Rousseau e o Romantismo

Juliana Santini
j.santini@bol.com.br

Nesses pensamentos, me abismo,
sucumbo, sob a força dessas magníficas visões.
Goethe.
Introdução

    Rousseau, o autor de linhas marcadas por traçarem parte do caminho da filosofia, da pedagogia e da arte modernas, passeou entre os diálogos de estudiosos e interessados nas áreas tocadas por seu pensamento em aulas expostas no curso de extensão universitária que teve como título Rousseau: filosofia, literatura e educação, promovido pelo Departamento de Letras Modernas da UNESP de Araraquara e pelo grupo interdisciplinar de pesquisa Jean-Jacques Rousseau durante os meses de setembro, outubro e novembro do ano 2000. O pequeno relato que aqui se esboça reúne, embora modestamente, alguns dos pontos apresentados na aula de 31 de outubro, ministrada pela Profa. Dra. Karin Volobuef.

    Sabe-se que alguns meses de estudo não são suficientes para esgotar um assunto que engloba vários segmentos dos estudos contemporâneos e, certamente, essa não foi a pretensão de seus participantes. No entanto, algumas expectativas fizeram-se superadas: o interesse despertado inicia, agora, uma nova incursão pelos pensamentos de Rousseau, incursão impulsionada e nutrida pela eterna sede de conhecimento que nos envolve e que teve, nessa oportunidade de conhecer parte dos estudos realizados por especialistas no assunto, material para iluminar os túneis que conduzirão alguns de nós, ainda ingênuos entusiastas do pensamento e da arte.
 

Rousseau e o Romantismo

    Não é ignorado o importante papel desempenhado pelas reflexões de Rousseau na composição do ideário que norteia o desenvolvimento da estética romântica.
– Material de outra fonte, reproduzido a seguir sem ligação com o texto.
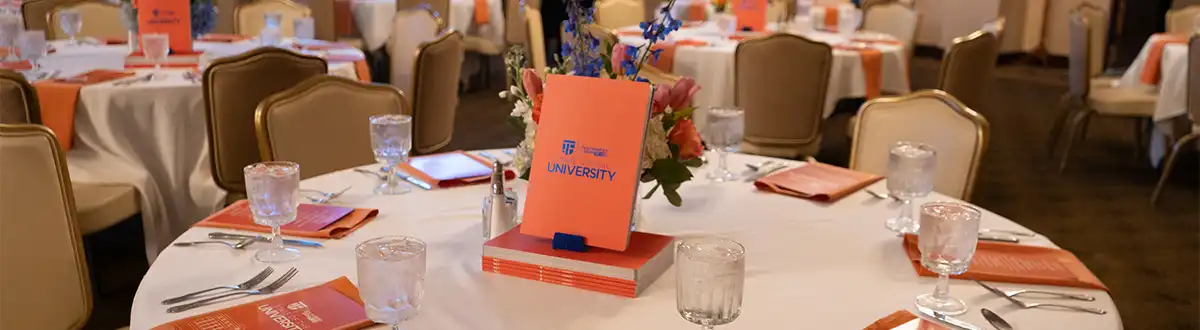 State of the University table set up from 2024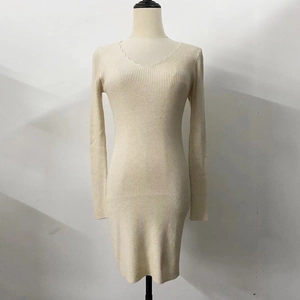 Dettaglio dello scollo a V smerlato e della trama in maglia a coste su un abito beige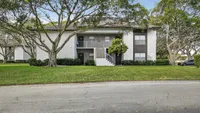 Charming apartment building surrounded by lush greenery and mature trees, offering a serene living environment.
É imprescindível esclarecer que, por Romantismo, entende-se o movimento artístico que surge no final do século XVIII e tem seu apogeu no início do século XIX, de forma que o período que antecede e, de certa forma, prepara o desenvolvimento da incursão artística romântica na história será aqui, com propósitos meramente didáticos, tomado por Pré-Romantismo, de forma que essa designação engloba certas tendências difusas que ainda não podem ser sistematizadas ou unidas como um movimento estético organizado como o foi, inversamente, o Sturm und Drang alemão.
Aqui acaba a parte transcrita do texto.